Антология «Дракула» - Нэнси Холдер
Шрифт:
Интервал:
Закладка:
Томпсон не отдавал себе отчета, почему отец и дочь так живо его занимают. Эти люди — явно экстраординарные и утонченные, привыкли к богатству и объездили весь мир, но Томпсона обуяло не праздное любопытство. В них было что-то еще. Возможно, так ущербный в чем-то человек ищет недостающее в других. Ибо до сих пор англичанин все свои силы положил на алтарь науки: медицинские исследования занимали все время, едва ли выпадала свободная минута. Теперь же ему казалось, что время расстилается перед ним Бесконечной лентой, и он входил во вкус вынужденного безделья, особенно сейчас, когда в поле зрения попали интересные люди.
Время от времени до него долетали обрывки приглушенной беседы на английском и греческом языках, которые тонули в тихом рокотании моря. В сгустившихся сумерках приближающейся ночи смутно вырисовывались очертания двух близко сидящих людей, и молчаливый наблюдатель отчетливо видел лишь кончик зажженной Каролидесом сигары, сильный аромат которой перекрывал даже душное благоухание тропических растений.

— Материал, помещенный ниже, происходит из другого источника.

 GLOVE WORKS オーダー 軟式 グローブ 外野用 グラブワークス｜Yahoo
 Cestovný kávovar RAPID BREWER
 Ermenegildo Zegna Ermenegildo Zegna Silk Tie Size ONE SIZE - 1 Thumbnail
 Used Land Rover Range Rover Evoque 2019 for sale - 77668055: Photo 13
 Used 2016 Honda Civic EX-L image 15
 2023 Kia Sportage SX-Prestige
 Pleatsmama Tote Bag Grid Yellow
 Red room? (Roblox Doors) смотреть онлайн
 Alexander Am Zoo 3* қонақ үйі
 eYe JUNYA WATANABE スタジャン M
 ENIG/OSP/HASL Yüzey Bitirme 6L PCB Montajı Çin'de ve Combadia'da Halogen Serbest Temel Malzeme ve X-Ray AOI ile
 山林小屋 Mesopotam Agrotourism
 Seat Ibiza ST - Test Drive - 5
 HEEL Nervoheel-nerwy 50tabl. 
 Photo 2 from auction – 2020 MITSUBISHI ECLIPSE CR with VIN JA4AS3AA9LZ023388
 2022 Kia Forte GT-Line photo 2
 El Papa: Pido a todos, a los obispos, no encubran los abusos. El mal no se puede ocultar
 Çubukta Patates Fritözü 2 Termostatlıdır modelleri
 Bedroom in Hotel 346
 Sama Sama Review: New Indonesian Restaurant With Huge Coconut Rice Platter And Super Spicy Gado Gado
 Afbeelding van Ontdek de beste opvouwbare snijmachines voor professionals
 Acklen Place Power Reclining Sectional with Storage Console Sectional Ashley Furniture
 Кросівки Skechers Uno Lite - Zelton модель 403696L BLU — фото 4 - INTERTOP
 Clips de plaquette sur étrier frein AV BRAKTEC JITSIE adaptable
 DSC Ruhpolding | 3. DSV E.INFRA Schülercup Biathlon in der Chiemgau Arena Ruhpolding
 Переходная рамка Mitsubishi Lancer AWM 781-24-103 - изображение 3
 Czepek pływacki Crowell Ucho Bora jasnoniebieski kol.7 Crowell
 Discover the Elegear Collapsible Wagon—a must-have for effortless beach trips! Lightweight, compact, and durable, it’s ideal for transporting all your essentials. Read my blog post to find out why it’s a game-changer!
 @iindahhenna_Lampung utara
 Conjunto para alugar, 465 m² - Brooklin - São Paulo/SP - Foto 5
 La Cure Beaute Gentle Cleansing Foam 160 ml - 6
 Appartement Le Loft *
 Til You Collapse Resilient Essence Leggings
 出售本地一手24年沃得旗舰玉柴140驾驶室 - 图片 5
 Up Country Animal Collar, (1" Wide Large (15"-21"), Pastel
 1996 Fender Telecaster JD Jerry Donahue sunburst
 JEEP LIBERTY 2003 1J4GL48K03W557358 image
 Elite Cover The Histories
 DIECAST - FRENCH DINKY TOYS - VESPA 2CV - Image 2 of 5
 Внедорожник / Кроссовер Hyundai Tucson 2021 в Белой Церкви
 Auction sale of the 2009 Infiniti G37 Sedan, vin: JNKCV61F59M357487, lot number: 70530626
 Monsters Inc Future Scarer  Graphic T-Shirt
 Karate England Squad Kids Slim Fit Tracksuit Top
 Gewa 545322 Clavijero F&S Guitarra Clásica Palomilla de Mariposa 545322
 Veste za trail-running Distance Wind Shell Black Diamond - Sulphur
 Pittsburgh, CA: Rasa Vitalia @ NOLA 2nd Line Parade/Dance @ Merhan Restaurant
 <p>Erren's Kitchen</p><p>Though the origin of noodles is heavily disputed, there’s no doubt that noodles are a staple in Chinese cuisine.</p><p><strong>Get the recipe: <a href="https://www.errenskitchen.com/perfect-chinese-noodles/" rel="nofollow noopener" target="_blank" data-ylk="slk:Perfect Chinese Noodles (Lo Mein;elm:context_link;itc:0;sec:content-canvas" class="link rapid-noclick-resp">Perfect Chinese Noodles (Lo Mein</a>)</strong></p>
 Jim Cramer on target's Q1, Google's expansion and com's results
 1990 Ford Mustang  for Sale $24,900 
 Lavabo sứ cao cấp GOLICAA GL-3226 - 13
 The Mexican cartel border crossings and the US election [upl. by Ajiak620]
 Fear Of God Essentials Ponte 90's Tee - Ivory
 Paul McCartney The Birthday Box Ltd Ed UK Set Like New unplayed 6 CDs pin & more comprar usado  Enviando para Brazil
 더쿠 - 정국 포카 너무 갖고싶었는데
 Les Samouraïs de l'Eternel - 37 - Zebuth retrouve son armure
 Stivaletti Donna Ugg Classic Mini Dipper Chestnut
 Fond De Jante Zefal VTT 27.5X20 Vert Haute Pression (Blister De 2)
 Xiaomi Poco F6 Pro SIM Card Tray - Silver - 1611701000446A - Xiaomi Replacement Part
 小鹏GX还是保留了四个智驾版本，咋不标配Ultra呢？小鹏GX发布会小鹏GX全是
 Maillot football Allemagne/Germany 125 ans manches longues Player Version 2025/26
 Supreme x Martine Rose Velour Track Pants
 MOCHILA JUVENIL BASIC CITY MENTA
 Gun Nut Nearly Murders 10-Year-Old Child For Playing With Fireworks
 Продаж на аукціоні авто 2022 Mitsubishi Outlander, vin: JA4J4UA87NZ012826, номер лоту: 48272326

Над заливом между морем и небом повис багряный сумрак. Перед тем как умолкнуть на ночь, какая-то птица выводила трели и подавала сигнал отбоя на свой манер. Вскоре пара греков ушла, и ночь, лишенная их присутствия, показалась холодной и промозглой. Сурово серебрилось повернутое дымкой море, вдалеке тускло светились огоньки следуюших таинственными маршрутами кораблей. Томпсон содрогнулся, но тому виной был не внезапно налетевший ветерок. Англичанин приступил к своему одинокому ужину.
2
На следующее утро Томпсон завтракал поздно, вышел из-за стола уже после десяти часов и не встретил так заинтересовавших его постояльцев. После еды он сел на гостиничный автобус и поехал в город. Побывал на почте, где его дожидались несколько писем. Впрочем, важных среди них не оказалось. Зашел в «Томас Кук»[8]. Выпил аперитив на террасе кафе. Сидя в тенистом уголке с видом на море, Томпсон не уставал дивиться проходящему мимо него параду карикатурных людей, которые бесцельно бродили взад и вперед по Гран-Корниш.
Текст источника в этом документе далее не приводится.